Acts of the Imagination, Part 3: The Leap to The Heart

Acts of the Imagination, Part 3: The Leap to The Heart

A guest blog by Jonathan Draper, General Secretary of associate Modern Church


I recently had the interesting experience of watching Mission Impossible: Fallout and Mamma Mia!2 on consecutive evenings. The first paints a dark picture of the violence, danger and injustice in the world; the second warms the heart. While the fight against the darkness in this world must never end, we also need to remember that the fight for justice is also a matter of the heart.

Our hearts, as John Wesley knew, can be warmed in many kinds of ways. And when our hearts are warmed we can see more clearly, we can feel more deeply, and the resolve to change – the world, ourselves – becomes more possible. Music, throughout all of human history, has been a universal means of warming the heart, and so it is that Modern Church is delighted to sponsor a duo – The Welcome Waggon – who do just that: warm the heart and open the mind with music sung from the heart, and from the heart of the Gospel.

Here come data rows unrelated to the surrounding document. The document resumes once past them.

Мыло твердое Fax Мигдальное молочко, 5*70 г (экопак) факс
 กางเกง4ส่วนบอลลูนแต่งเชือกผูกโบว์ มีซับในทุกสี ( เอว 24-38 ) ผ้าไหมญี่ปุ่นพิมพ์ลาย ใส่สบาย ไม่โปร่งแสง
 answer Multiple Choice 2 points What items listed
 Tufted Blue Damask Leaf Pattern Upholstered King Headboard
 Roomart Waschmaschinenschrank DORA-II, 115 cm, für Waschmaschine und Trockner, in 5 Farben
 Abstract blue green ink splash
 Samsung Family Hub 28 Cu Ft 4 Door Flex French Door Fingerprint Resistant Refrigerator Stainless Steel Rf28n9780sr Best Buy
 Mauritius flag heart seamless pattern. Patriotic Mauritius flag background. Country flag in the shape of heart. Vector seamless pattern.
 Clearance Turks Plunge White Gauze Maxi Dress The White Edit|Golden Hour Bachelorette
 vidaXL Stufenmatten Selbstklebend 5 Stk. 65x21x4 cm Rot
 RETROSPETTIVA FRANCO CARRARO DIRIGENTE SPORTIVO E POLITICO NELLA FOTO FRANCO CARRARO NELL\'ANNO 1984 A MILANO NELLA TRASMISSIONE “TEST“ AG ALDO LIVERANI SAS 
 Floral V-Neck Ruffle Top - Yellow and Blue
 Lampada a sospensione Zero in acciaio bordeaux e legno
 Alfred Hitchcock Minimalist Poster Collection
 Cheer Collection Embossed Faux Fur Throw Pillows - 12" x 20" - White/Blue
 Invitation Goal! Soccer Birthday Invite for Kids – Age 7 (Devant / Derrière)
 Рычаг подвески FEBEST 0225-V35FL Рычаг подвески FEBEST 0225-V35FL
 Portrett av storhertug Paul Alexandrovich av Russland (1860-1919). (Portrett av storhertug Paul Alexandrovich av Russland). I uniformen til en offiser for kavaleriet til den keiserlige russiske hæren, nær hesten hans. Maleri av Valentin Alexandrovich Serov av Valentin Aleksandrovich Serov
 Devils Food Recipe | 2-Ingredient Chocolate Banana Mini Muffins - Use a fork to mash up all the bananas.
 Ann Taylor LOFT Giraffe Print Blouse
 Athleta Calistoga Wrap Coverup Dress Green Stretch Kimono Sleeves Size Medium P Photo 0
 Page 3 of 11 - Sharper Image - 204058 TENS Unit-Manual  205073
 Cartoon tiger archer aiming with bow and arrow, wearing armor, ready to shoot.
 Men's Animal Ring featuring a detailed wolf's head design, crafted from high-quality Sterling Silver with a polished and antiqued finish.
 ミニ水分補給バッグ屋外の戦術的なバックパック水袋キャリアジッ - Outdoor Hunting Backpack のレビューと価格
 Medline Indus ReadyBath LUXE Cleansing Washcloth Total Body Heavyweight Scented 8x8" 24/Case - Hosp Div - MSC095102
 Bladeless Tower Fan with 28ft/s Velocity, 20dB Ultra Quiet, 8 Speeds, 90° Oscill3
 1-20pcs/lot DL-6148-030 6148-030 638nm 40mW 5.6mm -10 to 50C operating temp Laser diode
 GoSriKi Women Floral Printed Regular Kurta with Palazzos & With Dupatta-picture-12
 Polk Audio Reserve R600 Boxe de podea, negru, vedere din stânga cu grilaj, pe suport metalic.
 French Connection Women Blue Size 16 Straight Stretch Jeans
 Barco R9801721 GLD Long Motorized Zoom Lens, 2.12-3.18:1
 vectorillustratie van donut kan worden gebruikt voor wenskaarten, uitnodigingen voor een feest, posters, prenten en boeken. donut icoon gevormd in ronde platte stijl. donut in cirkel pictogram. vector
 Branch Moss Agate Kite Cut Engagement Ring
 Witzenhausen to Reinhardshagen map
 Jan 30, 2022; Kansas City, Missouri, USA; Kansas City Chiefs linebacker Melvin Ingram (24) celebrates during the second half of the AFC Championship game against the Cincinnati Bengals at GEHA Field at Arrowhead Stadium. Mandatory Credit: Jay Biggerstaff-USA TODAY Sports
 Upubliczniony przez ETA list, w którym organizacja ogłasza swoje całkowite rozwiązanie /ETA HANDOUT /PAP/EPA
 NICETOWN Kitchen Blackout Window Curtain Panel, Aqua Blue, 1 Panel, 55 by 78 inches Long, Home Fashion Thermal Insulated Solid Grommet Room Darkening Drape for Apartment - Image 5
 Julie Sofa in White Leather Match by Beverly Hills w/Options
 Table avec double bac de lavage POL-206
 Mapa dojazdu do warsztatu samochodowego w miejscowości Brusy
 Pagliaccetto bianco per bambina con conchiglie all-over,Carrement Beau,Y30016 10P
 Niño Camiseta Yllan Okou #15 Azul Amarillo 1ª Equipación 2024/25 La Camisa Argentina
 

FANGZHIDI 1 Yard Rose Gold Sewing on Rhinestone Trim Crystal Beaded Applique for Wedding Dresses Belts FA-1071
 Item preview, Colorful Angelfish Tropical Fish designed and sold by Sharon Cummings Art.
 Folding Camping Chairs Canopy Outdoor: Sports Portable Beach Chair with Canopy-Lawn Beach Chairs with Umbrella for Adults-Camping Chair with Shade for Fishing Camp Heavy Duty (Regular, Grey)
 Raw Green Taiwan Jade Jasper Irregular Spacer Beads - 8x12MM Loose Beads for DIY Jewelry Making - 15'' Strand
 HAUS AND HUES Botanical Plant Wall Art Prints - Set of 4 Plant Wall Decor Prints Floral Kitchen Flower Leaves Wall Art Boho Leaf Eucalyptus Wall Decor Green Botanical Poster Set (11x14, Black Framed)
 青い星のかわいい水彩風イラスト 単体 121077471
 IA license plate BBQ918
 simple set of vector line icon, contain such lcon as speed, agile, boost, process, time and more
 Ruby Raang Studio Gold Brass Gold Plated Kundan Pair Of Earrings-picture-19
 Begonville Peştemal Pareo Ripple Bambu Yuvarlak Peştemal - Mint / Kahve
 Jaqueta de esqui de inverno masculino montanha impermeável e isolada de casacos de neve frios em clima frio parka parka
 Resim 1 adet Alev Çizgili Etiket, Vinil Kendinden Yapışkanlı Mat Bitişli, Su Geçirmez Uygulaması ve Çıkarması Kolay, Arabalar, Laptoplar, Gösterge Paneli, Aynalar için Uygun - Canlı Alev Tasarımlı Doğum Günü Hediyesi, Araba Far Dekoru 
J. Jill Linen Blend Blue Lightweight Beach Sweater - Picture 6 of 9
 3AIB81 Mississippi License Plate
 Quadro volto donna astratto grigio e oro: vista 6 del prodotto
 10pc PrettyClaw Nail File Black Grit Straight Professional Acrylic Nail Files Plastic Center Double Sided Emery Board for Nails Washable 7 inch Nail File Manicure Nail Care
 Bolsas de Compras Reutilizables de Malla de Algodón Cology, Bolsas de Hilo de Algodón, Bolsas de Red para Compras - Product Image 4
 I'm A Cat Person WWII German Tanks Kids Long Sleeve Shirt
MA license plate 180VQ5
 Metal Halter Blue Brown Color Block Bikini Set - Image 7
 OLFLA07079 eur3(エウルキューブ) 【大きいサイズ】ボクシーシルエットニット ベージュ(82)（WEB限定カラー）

The warming of our hearts is not a fluffy thing: as our emotions are engaged, often unbidden, understanding and insight can emerge. We can not only see more clearly, our minds are also engaged in a different kind of way, because our whole being is fully alive. The left and right sides of our brains engage with each other: art informs thought; thought responds to art – action is shaped in wholeness, we begin to live in the full way God intends, as we see in Jesus.

Art, whether it is music, the visual arts, or the spoken/written word, can fuel the imagination, which is where the heart and the head come together. Greenbelt, of course, is designed to be a place where that can happen. And the stimulated imagination is where we come to think outside the box, where we begin to understand that the world need not be the way it is, because we can imagine a different or a better way of being.

The critical thing about the Christian imagination (though it is not limited to Christians or even people of faith) is that it is open to change. The default status of the Christian is that we need to be changed: we find no resting place, no sense of arrival in our understanding of ourselves, the world or God. Change is no once-for-all experience, it is, rather, a way of life. Allowing ourselves to be open to change, open to the insights, views and experience of others, is integral to the Christian life, to Christian spirituality, and Christian thought. Certainty is a luxury none of us has; it is an illusion.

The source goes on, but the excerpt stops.